Assignment
Write out the entries below once more, exactly.

»»

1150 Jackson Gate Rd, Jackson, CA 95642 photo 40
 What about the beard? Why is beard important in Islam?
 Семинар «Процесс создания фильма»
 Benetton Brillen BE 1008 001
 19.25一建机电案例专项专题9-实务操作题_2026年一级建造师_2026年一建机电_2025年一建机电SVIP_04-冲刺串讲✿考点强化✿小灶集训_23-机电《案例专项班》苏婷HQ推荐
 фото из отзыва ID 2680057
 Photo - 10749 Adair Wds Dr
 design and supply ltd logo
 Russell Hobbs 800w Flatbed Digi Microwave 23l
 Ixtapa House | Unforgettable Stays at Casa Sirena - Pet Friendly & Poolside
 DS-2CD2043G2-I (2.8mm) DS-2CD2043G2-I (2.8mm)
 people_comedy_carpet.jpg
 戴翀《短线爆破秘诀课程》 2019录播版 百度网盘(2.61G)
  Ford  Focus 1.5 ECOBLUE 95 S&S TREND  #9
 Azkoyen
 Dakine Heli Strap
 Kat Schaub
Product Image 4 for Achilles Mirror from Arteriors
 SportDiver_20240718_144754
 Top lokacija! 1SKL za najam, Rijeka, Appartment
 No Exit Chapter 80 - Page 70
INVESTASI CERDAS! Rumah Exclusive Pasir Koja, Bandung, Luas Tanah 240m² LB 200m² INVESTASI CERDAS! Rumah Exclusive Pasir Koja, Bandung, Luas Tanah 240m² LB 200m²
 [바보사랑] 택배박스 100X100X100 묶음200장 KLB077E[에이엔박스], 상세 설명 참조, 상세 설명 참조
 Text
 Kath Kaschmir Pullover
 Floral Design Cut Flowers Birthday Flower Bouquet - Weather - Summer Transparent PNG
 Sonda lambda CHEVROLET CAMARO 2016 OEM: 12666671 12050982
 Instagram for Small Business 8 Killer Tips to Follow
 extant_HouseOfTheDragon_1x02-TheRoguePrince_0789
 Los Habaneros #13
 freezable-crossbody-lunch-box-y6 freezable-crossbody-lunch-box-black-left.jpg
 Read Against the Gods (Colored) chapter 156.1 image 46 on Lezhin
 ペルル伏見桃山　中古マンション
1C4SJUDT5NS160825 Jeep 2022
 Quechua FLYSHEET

««

Result of the task
1150 Jackson Gate Rd, Jackson, CA 95642 photo 40
 What about the beard? Why is beard important in Islam?
 Семинар «Процесс создания фильма»
 Benetton Brillen BE 1008 001
 19.25一建机电案例专项专题9-实务操作题_2026年一级建造师_2026年一建机电_2025年一建机电SVIP_04-冲刺串讲✿考点强化✿小灶集训_23-机电《案例专项班》苏婷HQ推荐
 фото из отзыва ID 2680057
 Photo - 10749 Adair Wds Dr
 design and supply ltd logo
 Russell Hobbs 800w Flatbed Digi Microwave 23l
 Ixtapa House | Unforgettable Stays at Casa Sirena - Pet Friendly & Poolside
 DS-2CD2043G2-I (2.8mm) DS-2CD2043G2-I (2.8mm)
 people_comedy_carpet.jpg
 戴翀《短线爆破秘诀课程》 2019录播版 百度网盘(2.61G)
  Ford  Focus 1.5 ECOBLUE 95 S&S TREND  #9
 Azkoyen
 Dakine Heli Strap
 Kat Schaub
Product Image 4 for Achilles Mirror from Arteriors
 SportDiver_20240718_144754
 Top lokacija! 1SKL za najam, Rijeka, Appartment
 No Exit Chapter 80 - Page 70
INVESTASI CERDAS! Rumah Exclusive Pasir Koja, Bandung, Luas Tanah 240m² LB 200m² INVESTASI CERDAS! Rumah Exclusive Pasir Koja, Bandung, Luas Tanah 240m² LB 200m²
 [바보사랑] 택배박스 100X100X100 묶음200장 KLB077E[에이엔박스], 상세 설명 참조, 상세 설명 참조
 Text
 Kath Kaschmir Pullover
 Floral Design Cut Flowers Birthday Flower Bouquet - Weather - Summer Transparent PNG
 Sonda lambda CHEVROLET CAMARO 2016 OEM: 12666671 12050982
 Instagram for Small Business 8 Killer Tips to Follow
 extant_HouseOfTheDragon_1x02-TheRoguePrince_0789
 Los Habaneros #13
 freezable-crossbody-lunch-box-y6 freezable-crossbody-lunch-box-black-left.jpg
 Read Against the Gods (Colored) chapter 156.1 image 46 on Lezhin
 ペルル伏見桃山　中古マンション
1C4SJUDT5NS160825 Jeep 2022
 Quechua FLYSHEET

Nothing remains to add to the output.